Methane might be expected to increase in the atmosphere from the leakage of natural gas wells, pipelines and appliances (like gas stoves). Natural gas is nearly 100% methane, and the two names are interchangeable in modern usage. Satellite pictures show hot spots of the leakage of methane from gas wells and pipelines. Hand-held instruments show the leakage of gas from home appliances and the local pipelines that distribute natural gas in cities. These are all potential sources of the increase in methane in the atmosphere, but the rate of increase in the atmosphere can increase only if the leakage from these sources has increased in recent years.
A subtle characteristic of methane suggests this is not the case. The methane molecule consists of a carbon atom that is bound to four hydrogen atoms and thus given the formula CH4. The carbon atom comes in two forms—one with 6 protons and 6 neutrons in its nucleus, hence 12C, and the other with an extra neutron, hence 13C. Methane from natural gas is slightly richer in the latter form, so it is said to have higher value for 13C. Methane from other large sources, especially decomposition in wetlands, is slightly depleted in 13C, so it has a more negative value relative to an internationally accepted standard.
The rise in methane in Earth’s atmosphere shows an increasingly negative signature, indicating that it is unlikely that the leakage of natural gas from fossil fuels is causing the increase in the atmosphere. Rather, the increase seems likely to be associated with increasing emissions from wetlands and agriculture. A recent paper has documented an increasing emission from wetlands worldwide, albeit only a small percent increase in the large annual flux of methane from wetlands globally. Wetlands might be expected to emit more methane in warmer conditions, suggesting that the increasing flux of methane from wetlands is an indirect effect of human activities that affect our climate. Conversely, the destruction of methane by wetland microbes is apparently unchanged in warmer conditions.

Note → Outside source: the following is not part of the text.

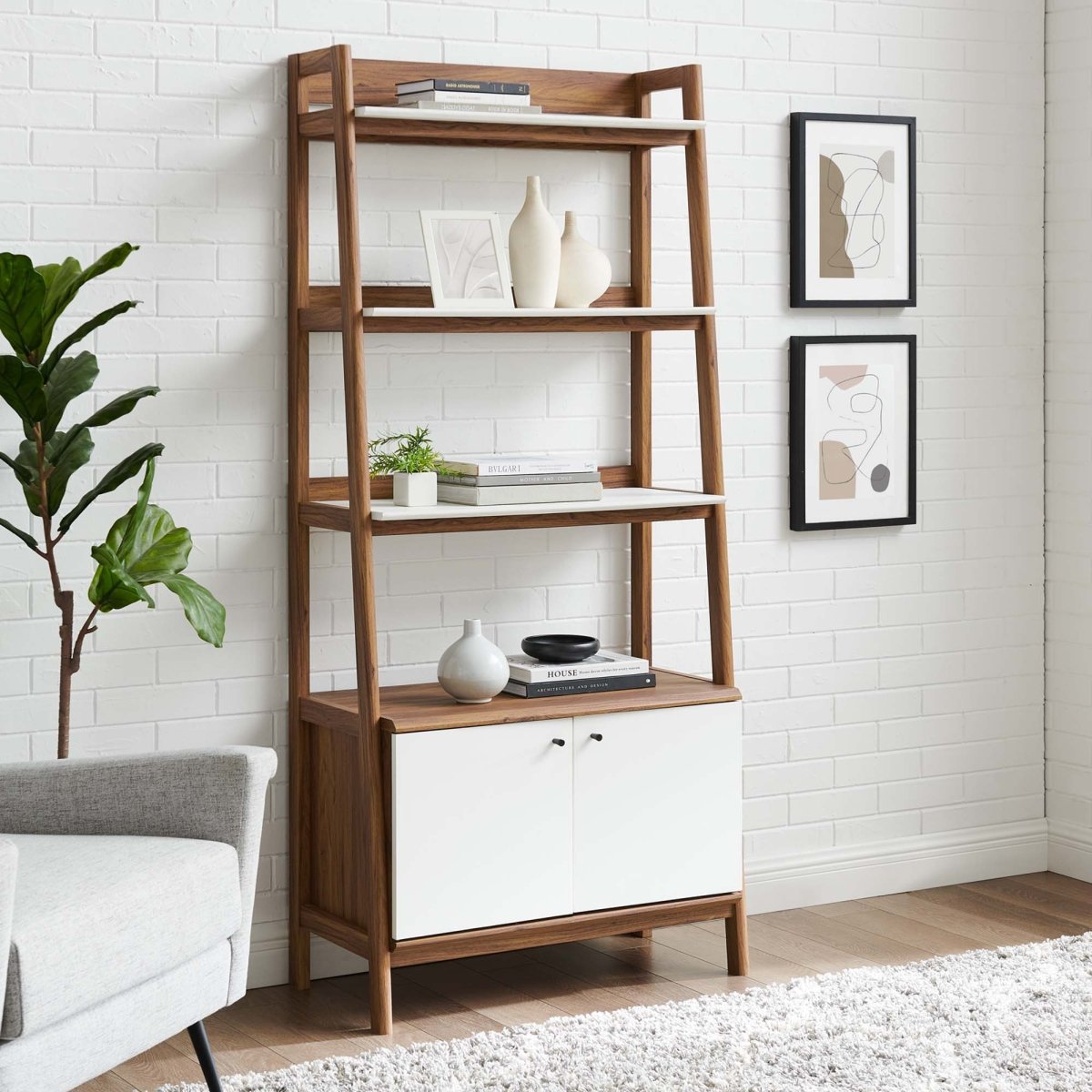 33" Tiered Display Bookshelf with Concealed Storage in Walnut White - Bookcases available at Alpine Outlets in Denver
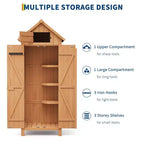 COZONY 70 Casetta Porta Attrezzi in Legno Impermeabile con 3 Ripiani e Anta con Serratura, Armadio Verticale per Attrezzi da Giardino per Patio e Cortile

All this makes it difficult to devise appropriate policy measures that might stem the growth of methane in the atmosphere. Sure, we can patch the network of pipelines that distribute natural gas to homes and industrial facilities. Some municipalities have prohibited the installation of new gas stoves. Reducing the emissions from these sources might reduce the increase of methane in the atmosphere, but they will not address the apparent new and increasing sources of methane in the atmosphere—most likely from wetlands. An increasing flux of methane from wetlands in response to global warming is an indirect effect stemming from human activities, that will be difficult to contain.
References
Jackson, R.B. 2024. Into the Clear Blue Sky, Scribner, New York
Kort, E.A., C. Frankenberg, K.R. et al. 2014. Four corners: The largest U.S. methane anomaly viewed from space. Geophysical Research Letters 41: 6898-6903
Megonigal, J.P. and W.H. Schlesinger. 2002. Methane-limited methanotrophy in tidal freshwater swamps. Global Biogeochemical Cycles 16: DOI.10.1029/2001GB001594.
Michel, S.E., X. Lan, J. Miller and J. Li. 2024. Rapid shift in methane carbon isotopes suggests microbial emissions drove record high atmospheric methane growth in 2020-2022. Proceedings of the National Academy of Sciences 121: doi.org/10.1073/pnas 2411212121
Plant, G., E.A. Kort, et al. 2019. Large fugitive methane emissions from urban centers along the U.S. East Coast. Geophysical Research Letters 46: 8500-8507
Zhang, Zhen et al. 2025. Ensemble estimates of global wetland methane emissions over 2000-2020. Biogeosciencs 22: 305-321.